Growing Up on Different Sides of the World

Easton, MD                                                       source:

       Easton, Maryland- a small town located on the Eastern shore with an estimated population of 17,000 people. A town where there is an urgent drug crisis that is swept under the rug, and where poverty is merely looked away from. Amongst this population are farmers, waterman, stock investors, lawyers, and doctors. The diverse careers presented in this town are a representation of the lack of integration between classes, races, and religions. The main religion here is Christianity and Catholicism, and you never see churches or temples for anything other than those two. Growing up in this affluent town, I was on the outskirts due to being raised by my lower to middle class grandparents and living in the countryside. While the white-collar families tend to live on the water, the blue collar and low-income families tend to live in town or in the rural area. Growing up I was never really aware of how disconnected this community really is until I learned about life in Morocco.

      Morocco is a country located in North Africa, left of Algeria. It has a population of around 37 million and is a result of multiple cultures coming together as one, such as “Arab, Amazigh, Andalusian, African, Hebraic, and Mediterranean”.[1] While it is now predominantly Muslim, every aspect of life here is influenced by some culture from the past and present. For example, Moroccan cuisine, is a blend of European and Arab spices such as parsley, turmeric, cumin, and mint. Not only that, but there are two predominant languages here: Arab and Beber, but the people of Morocca have even created their own dialect of Arab. Community is important here and this is illustrated through the arts, such as music like the Arabian chaabi and the Berber reggada.

      Despite growing up in a town that is extremely wealthy while my family is not, I have had the privilege of never really having to worry about where my next meal is coming from, or if we will power the next day. This is because Maryland has great welfare programs and very generous Medicaid. Furthermore, the GDP per capita in Maryland is still around 64,000 a year according to 2019 data.[2] An explanation for this is the fact that Washington D.C is in Maryland, where many government and state workers reside.

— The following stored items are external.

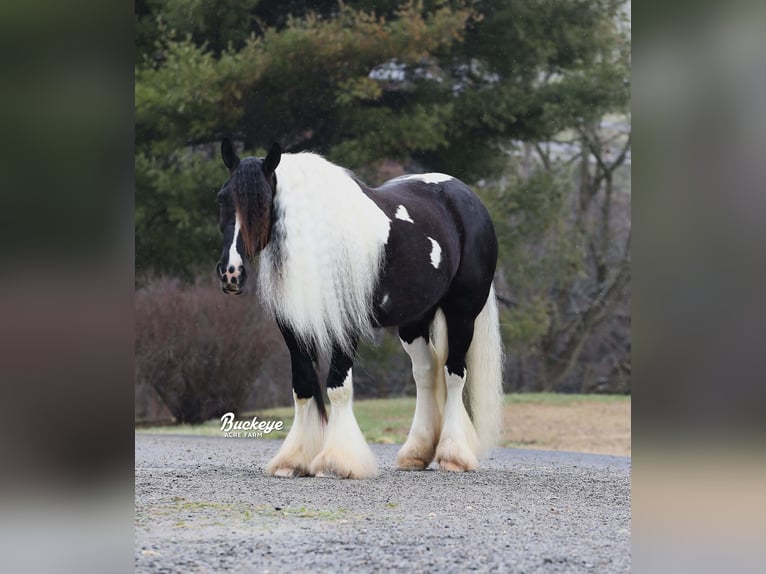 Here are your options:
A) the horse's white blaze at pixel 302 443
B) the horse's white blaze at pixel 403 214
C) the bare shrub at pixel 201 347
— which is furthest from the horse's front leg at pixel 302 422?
the bare shrub at pixel 201 347

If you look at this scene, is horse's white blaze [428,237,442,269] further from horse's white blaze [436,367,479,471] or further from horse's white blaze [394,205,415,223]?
horse's white blaze [436,367,479,471]

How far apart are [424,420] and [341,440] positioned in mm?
1022

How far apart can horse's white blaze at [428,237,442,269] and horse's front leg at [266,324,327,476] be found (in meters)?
1.07

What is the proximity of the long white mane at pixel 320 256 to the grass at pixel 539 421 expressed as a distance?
5.20 meters

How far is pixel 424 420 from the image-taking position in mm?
7117

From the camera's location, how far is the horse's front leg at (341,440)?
6.24 m

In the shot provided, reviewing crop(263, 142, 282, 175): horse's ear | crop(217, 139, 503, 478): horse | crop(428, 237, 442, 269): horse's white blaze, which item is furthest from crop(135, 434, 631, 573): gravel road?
crop(263, 142, 282, 175): horse's ear

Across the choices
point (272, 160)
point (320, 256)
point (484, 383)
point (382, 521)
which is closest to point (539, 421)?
point (484, 383)

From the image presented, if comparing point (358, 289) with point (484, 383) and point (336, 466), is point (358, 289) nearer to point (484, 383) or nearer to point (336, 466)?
point (336, 466) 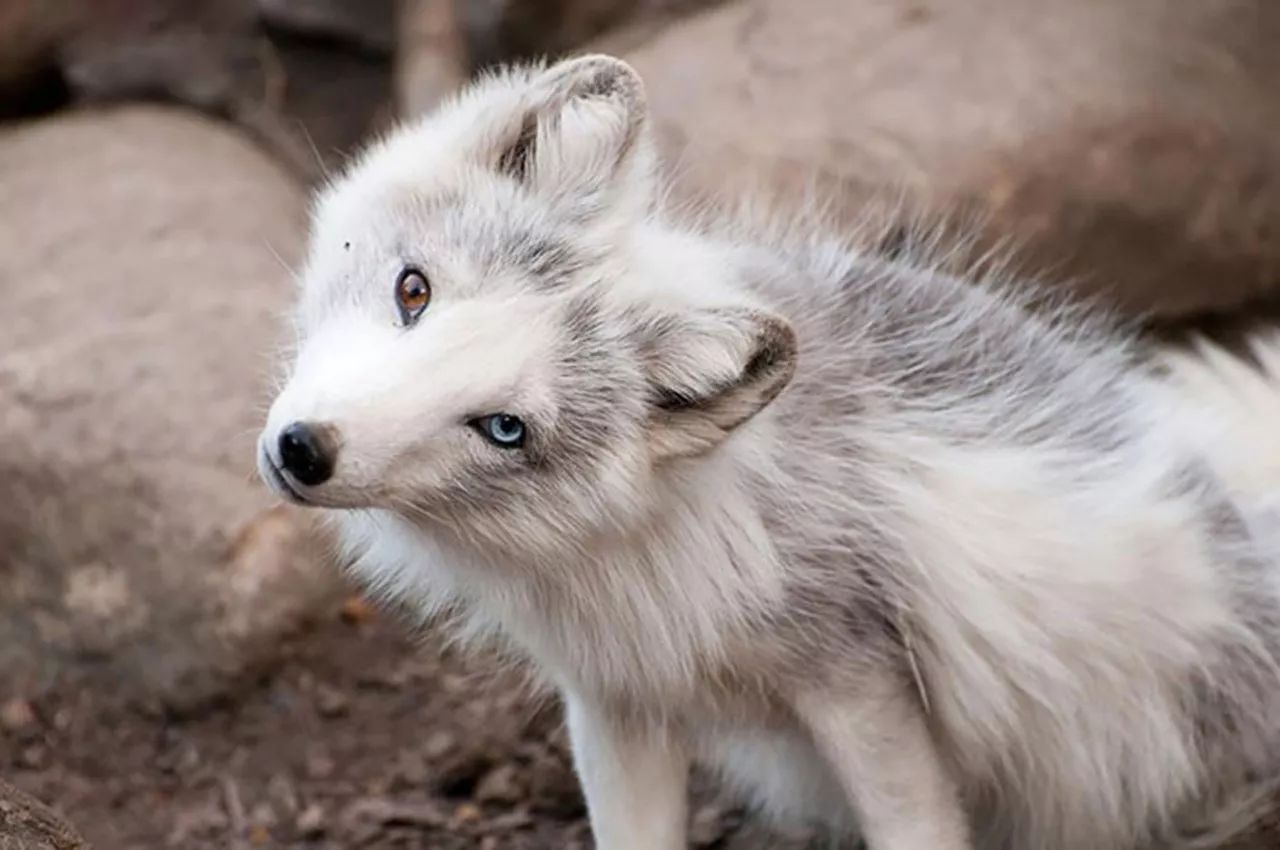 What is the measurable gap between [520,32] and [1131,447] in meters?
2.39

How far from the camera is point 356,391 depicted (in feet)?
5.67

On the other hand, Morocco may be one of the more developed regions in Africa but the GDP per capita is still very low compared to this, with it being around 3,695 dollars as of 2022.[3] Morocco has privatized some of their businesses since the 90s, but it is still an export-based economy for minerals and agriculture.[4] The drought in this region prevents Morocco from being as productive as they could be, while drought in Maryland is not an issue. The North African country also has a large amount of external debt, high unemployment rates, and high rates of informal jobs which do not factor into GDP. Going back to the health factor, Morocco’s infant mortality rates are high -something Maryland does not struggle with due to the government’s healthcare system.

Marrakesh, Morocco
source: National Geographic

   If I were to grow up in Morocco, I would have had a totally different experience than I did, such as having to worry about things that I didn’t necessarily have to ever worry about in Maryland. On the other hand, it is likely that I would have been exposed to many more cultures at a young age which is something that I wish I had.

[1] “Culture of Morocco.” Wikipedia, the Free Encyclopedia. Last modified September 7, 2023.

[2] “GDP Per Capita Data for Maryland – Gross Domestic Product on the Open Data Network.” Open Data Network. Accessed September 14, 2023.

[3] “Morocco Vs United States: Economy Facts and Stats.” Global Industry Market Sizing – NationMaster. Accessed September 14, 2023.

[4] “Country Comparison Morocco Vs United States 2023.” Accessed September 14, 2023.






3 responses to “Growing Up on Different Sides of the World”

  1. Noah Boyd Avatar
    Noah Boyd

    I like how you point out how different it would be growing up in Morocco and you would have been introduced to different cultures. It is interesting how your town in Maryland does not have the exposure that a country like Morocco has, but with it being a smaller town the lack of exposure does make sense.

  2. Ed Webb Avatar
    Ed Webb

    I think it’s important to recognize that there are many kinds of riches. While materially most Moroccans are much less well off than most Marylanders, they do benefit from the cultural richness you discuss here. If you get a chance to sample Moroccan cuisine, I recommend it very much. There are a few places not far from Carlisle where you can find it!

  3. clarkei Avatar

    This comparison between your town and Morocco is really interesting. It is really interesting how few privatized companies there are in Morocco. I wonder how this affects government power and dynamics with the population since industry is mostly controlled by the government.